The water darkens the sand, the girls tug their skirts,
the tallest takes the hand of the little one,
and the four wade in the waters they cannot know.
Their mother snaps a photograph.
The dog is gone to dust now, and so is the boy.
His sisters watch the night sky, ask, where are
the flowers of Hyacinthus, which one of us is next?
Copyright © 2017 by John Stephens.
A Butcher in Any Town
We must kill them. We must incinerate them. Pig after pig . . . cow after cow . . . village after village . . . army after army . . .
—Colonel Kurtz, Apocalypse Now
Rain ran after monsoon in that jungle haze,
drowning reflection of the wife back home,
and desire lay sleeping in queer being.
Kurtz had gone mad in a stench of ivory tusks
thinking the trade would be worth something.

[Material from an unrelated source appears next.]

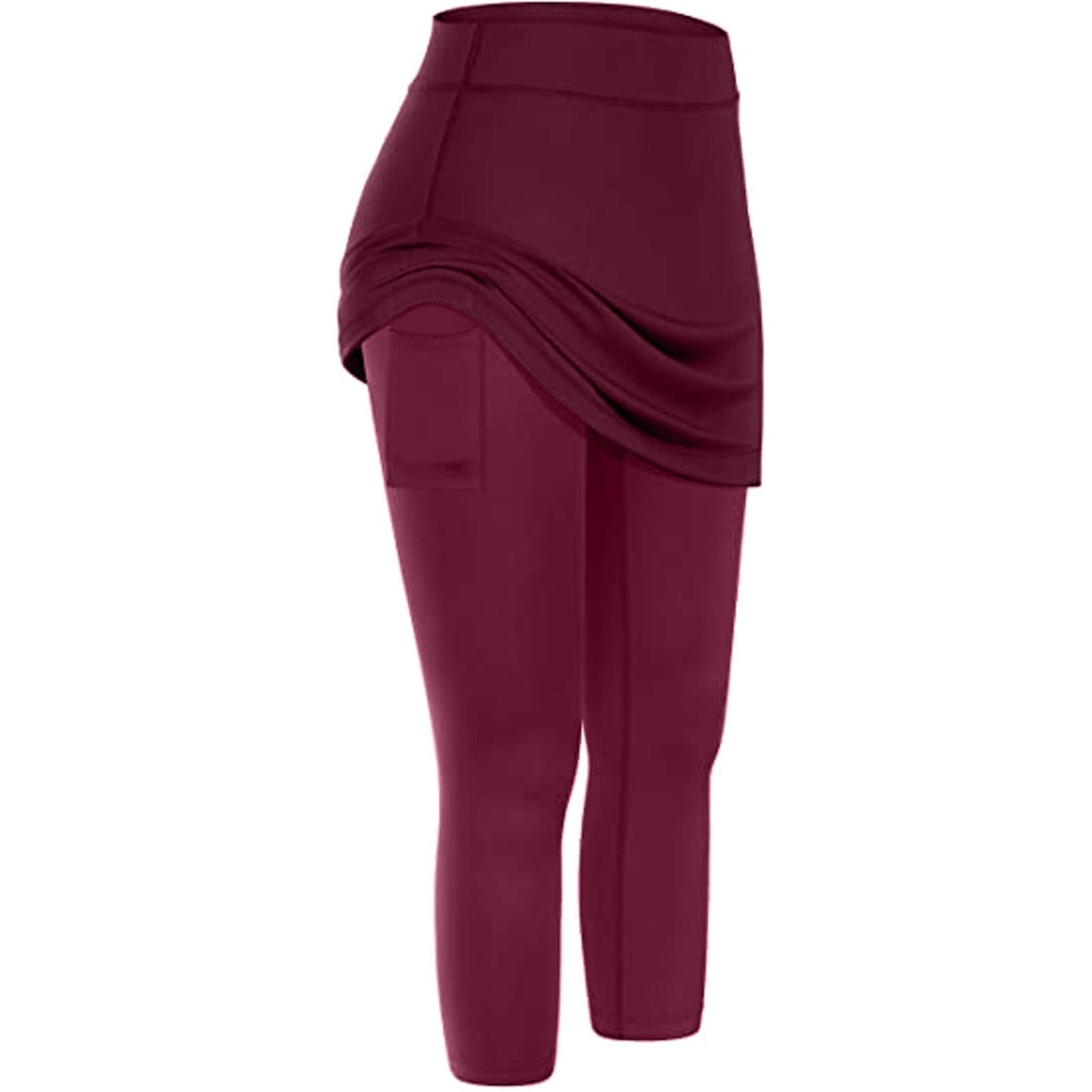 Aniywn Women's Leggings Skirt, Skirted Leggings, Active Skirt with Pockets, Tennis Pants Sports Fitness Culottes (Small, Purple)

His heart was the drum beat in the dark blue
spectral as thousands of necrotic eyes followed
the horned head that swayed in smoke to sounds
of no human language. He commanded his tribe
to bow like rioting vegetation under king trees,
to butcher and poach tusks for god beads and tobacco.
When he is done with his litany, they pick him up,
carry him to a hut, amid flies buzzing over the raw
heads on pikes. Live long enough in the jungle
and the mania will speak to you, lust will grow,
and soon everything will seem to belong to you,
even the very face of the stars.
That’s when the jungle wants you dead.
Copyright © 2017 by John Stephens.
About the Author:
John Stephens is the author of Return to the Water, (C & R Press June 2013); other published work include poems in Stone River Sky, An Anthology of Georgia Poems (2015), Iodine Poetry Journal (2016), Amarillo Bay (2016), Stream Ticket (2016), Boston Accent (2016) and Head and Hand Press (2016). He lives in Milton, Ga. and his gifts have helped to establish the Adam Stephens Night Out for Poetry at the Georgia Institute of Technology’s Poetry @TECH series.
Adam Webb
Beauty
—Baudelaire: La Beauté
I am a dream of stone.
My breast wounds poets
inspiring a love
eternal
and silent as matter.
Residing in the heavens
misunderstood,
I unite a heart of snow
with the whiteness of swans,
while hating all movement
which displaces lines.
Never to laugh; never to weep.
My poses, borrowed
from proud monuments,
consume poet’s days.
I fascinate these docile lovers
with radiant eyes.
Pure mirrors
make all more beautiful.
Copyright ©2017 by Adam Webb.
Looking in a Mirror after Reading Neruda
Like a shadow on the wall,
I’ve been sentenced to stalk myself.
Disturbed roots lift the sidewalk;
Dead flowers
Wait to be replaced come spring.
In desperation, supported
By dreams
My faces appear.
Copyright ©2017 by Adam Webb.
After Looking to my Left
Gallery faces
lean toward The Tempest
like a Caravaggio.
Chiaroscuro shines
one face through the shadows.
I love you;
but,
you’ll never know.
Anyway,
here’s all I have to give;
words
I wrote on the back of a playbill.
Copyright ©2017 by Adam Webb.
Wahalla Beach, Whiting July 17th, 2013
I am drunk on the sound of waves
in the sun seared sand.
Smells of trout and bass
whistle through the saw grass hazy with gnats.
Waves hit the rocks
leaving dead alewife and lakeweed as they retreat.
I must be crazy
to love a place
where I don’t wanna be.
Copyright ©2017 by Adam Webb.
Looking at a Box in Florence
No one wants their name
in the tamburo.
The Medici’s
have Da Vinci’s
fingerprints on file,
in Uffizi.
They’re on Verrocchio’s
The Baptism of Christ.
Leo painted the second angel,
the one keeping an eye
on the carpenter.
Copyright ©2017 by Adam Webb.
About the Author:
Adam Webb is a poet and translator originally from blue-collar town in Northwest Indiana. Adam graduated Summa Cum Laude from Calumet College of St. Joseph. Currently, he teaches English in Singburi, Thailand and travels the world in his free time.